One example is to consume more locally, even though this has challenges of its own. As Boudewijn Tooren states: “We don’t grow macaroni but we all want to eat it from time to time.” In the community of Herenboeren, Boudewijn notices a vast difference in consumption habits. “The ‘light greens’, are the people who do not shy away from buying extra goods at the supermarket. They are overwhelmed by the abundance of our summer harvests and do not always realise that this is the supply for the whole year. The ‘dark greens’ rarely set foot in the supermarket. Instead, they pickle, ferment, and freeze meals for the entire winter. The majority sits somewhere in between these two.” Although Boudewijn would never tell someone to not buy strawberries for a Christmas dessert, the main food system in the Netherlands frustrates him. “We are the second biggest agricultural exporter in the world. We produce food, sell it abroad, and use the money to buy imported food”.
If there is any company that knows how to link farmers and consumers with a collective
interest in regenerative agriculture, it is the South Africa-based company ‘Grounded’.
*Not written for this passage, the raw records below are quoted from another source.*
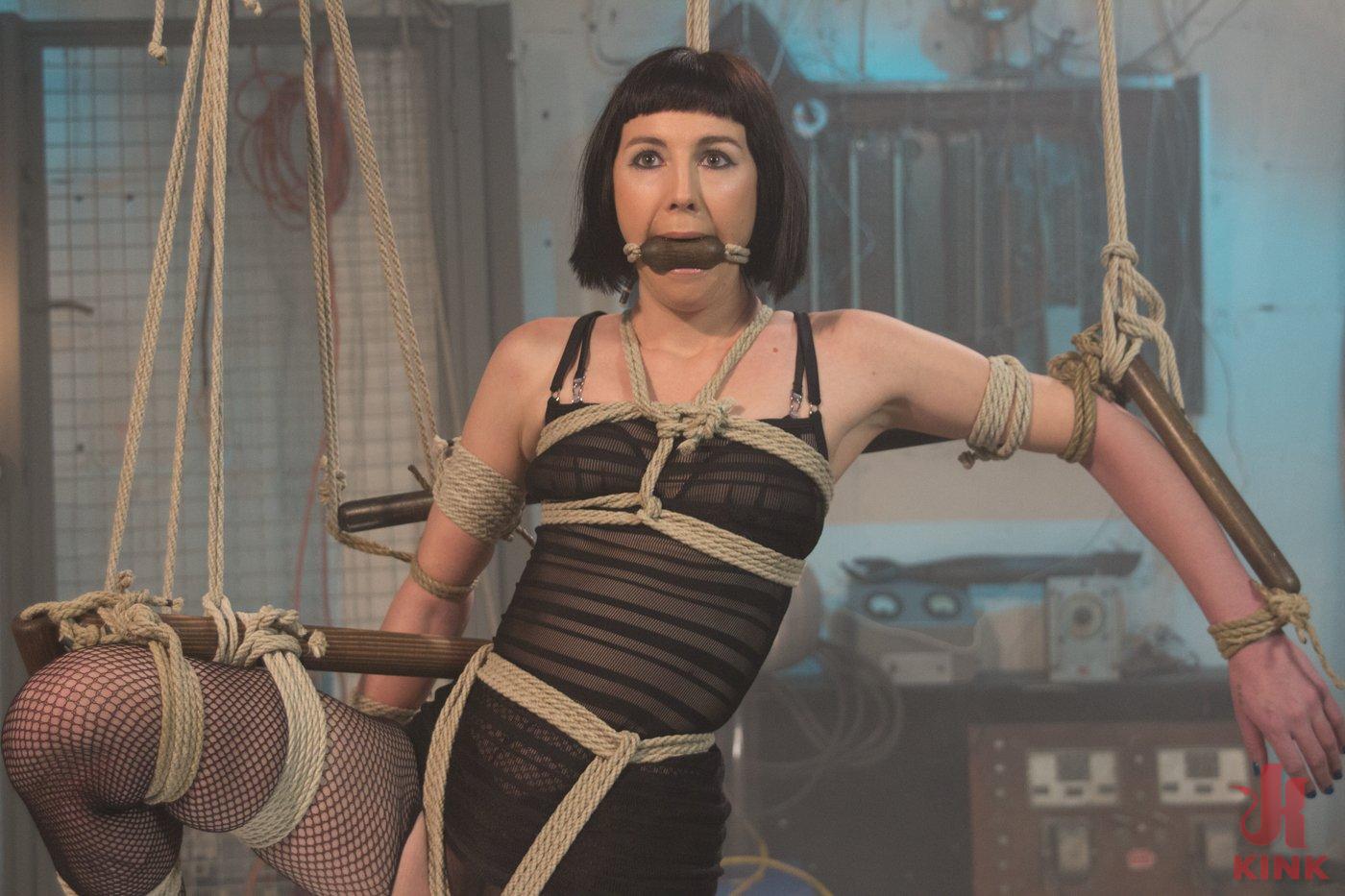 Photo number 14 from Lesbian Programming shot for Whipped Ass on Kink.com. Featuring Lorelei Lee and Coral Aorta in hardcore BDSM & Fetish porn.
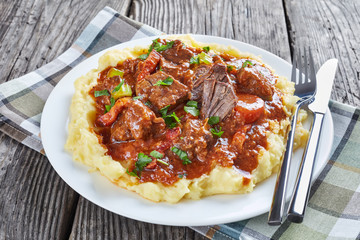 irish beef and beer stew with bacon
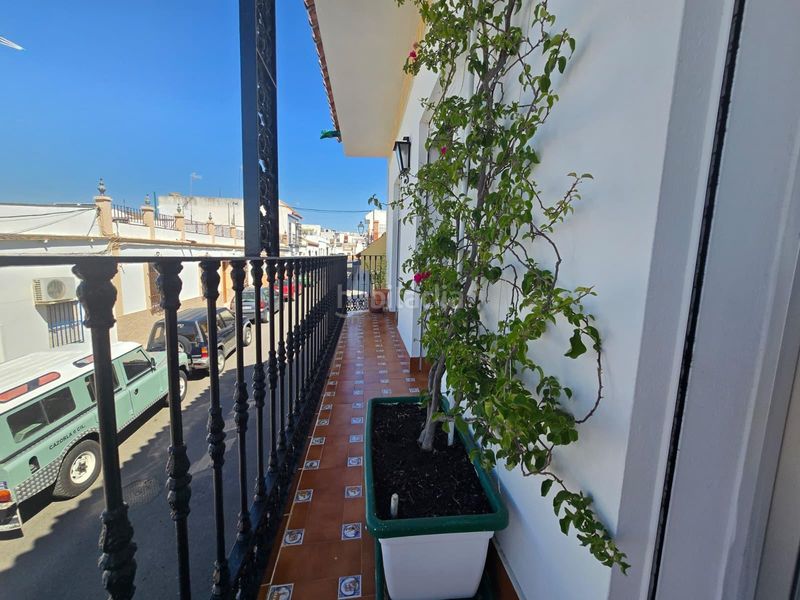 Foto fc585e18-4130-4d7a-b0e1-bf74b527f5f5. Casa adossada a Centro Bormujos
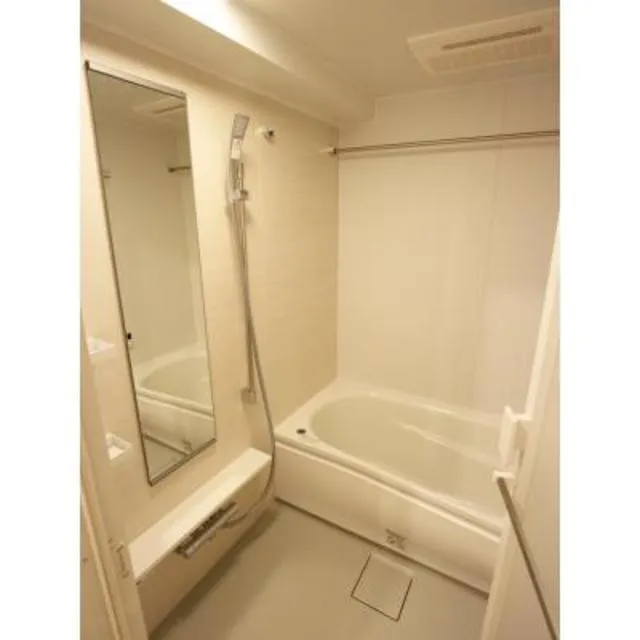 Court Luxuria Ningyocho - Interior - ["Plumbing fixture", "Door", "House"]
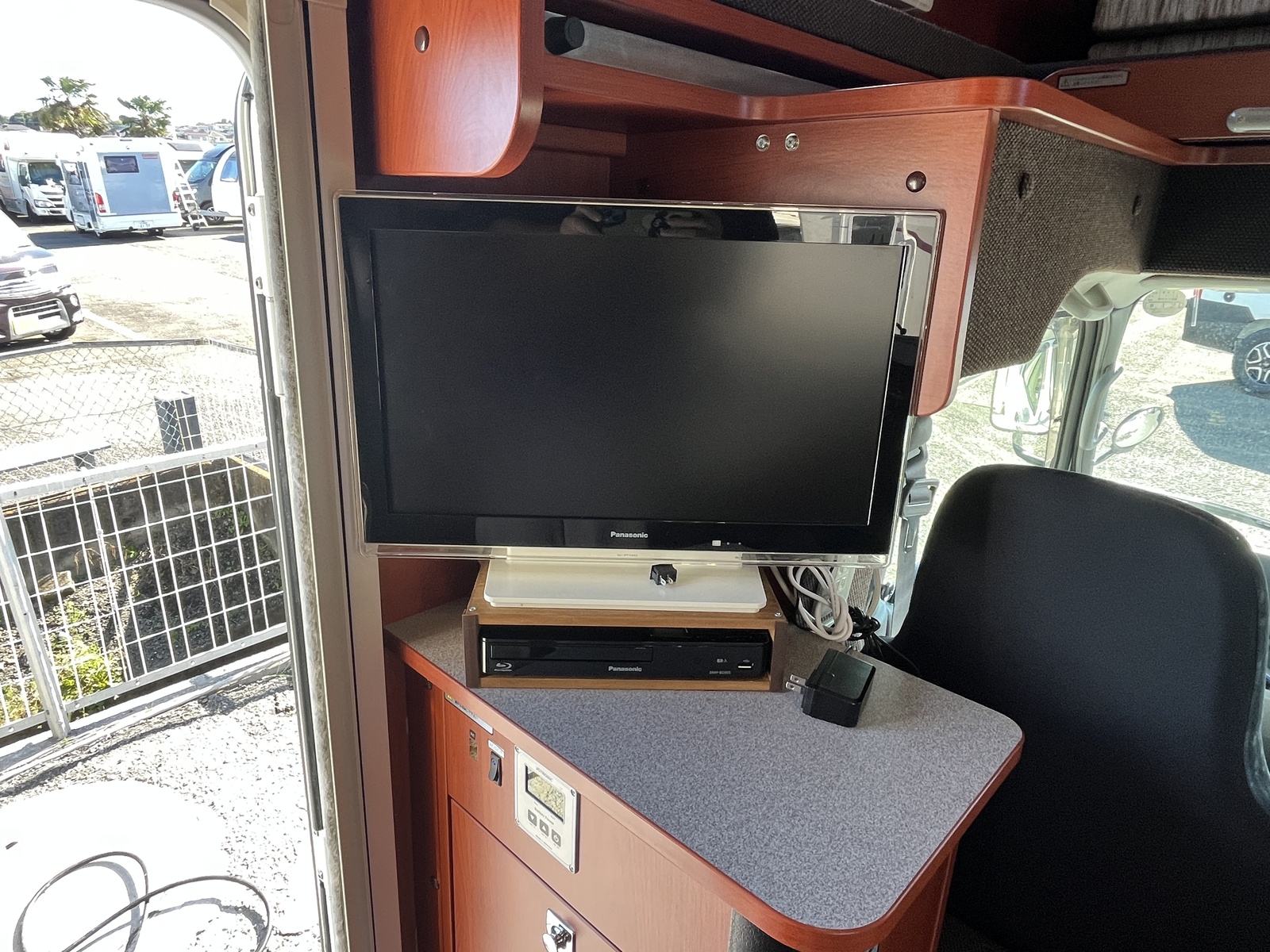 キャンピングカー キャブコン ﾅｯﾂRV ｸﾚｿﾝﾎﾞﾔｰｼﾞｭW FFﾋｰﾀｰ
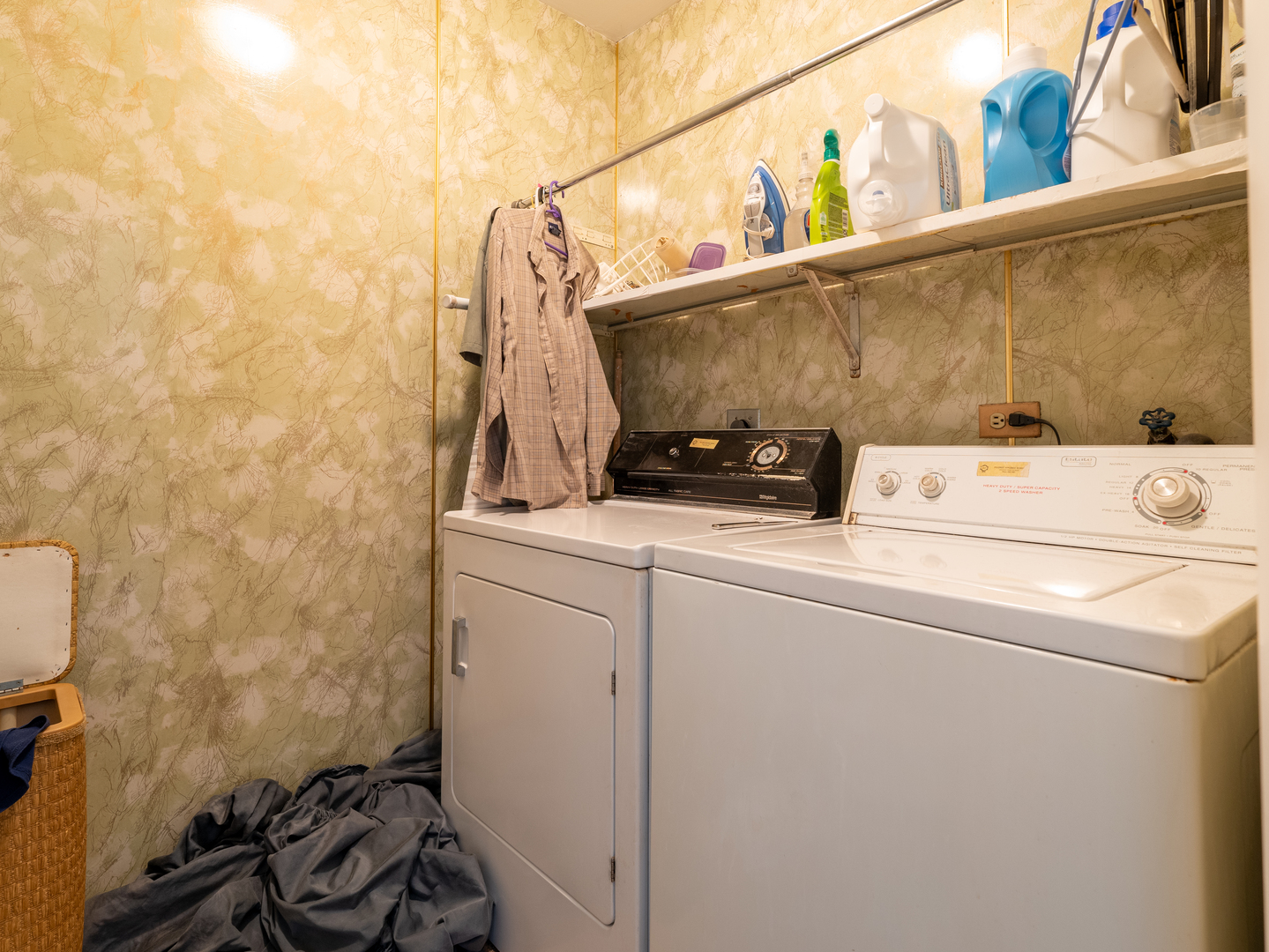 7411 Astor Avenue, Hanover Park, IL 60133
Stephie Mendelsohn, Head of Impact, explains how they see and play their role in the small but quickly growing regenerative agriculture value chains. "The primary area where we aim to have an impact is agro-processing. Food processing companies are the linchpin between regenerative farms and the consumer market. They have a say in how they want their goods to be produced, and as such can nudge farms into regenerative farming practices.” In this way, the regenerative agriculture producers supported by Grounded, have a guaranteed outlet for processing their products. Next to this, Grounded links traders in search of regenerative products, to reliable producers and processors. “Middlemen are often seen as dirty players in the market, but they actually perform an important role in creating important networks that otherwise are difficult to foster. So we work directly with medium-scale, sustainable brands who are looking for honest products. We help them to find their way in the regenerative agriculture value chains, and with the logistics to get regenerative products to consumers.” In regenerative consuming choices, Stephie sees a huge opportunity. “Through conscious consumption, we consciously choose what system to invest our money in. And every rand or euro in the system has a multiplier effect in every link of the chain. It’s similar to what happens in the soil if you really take care of it.”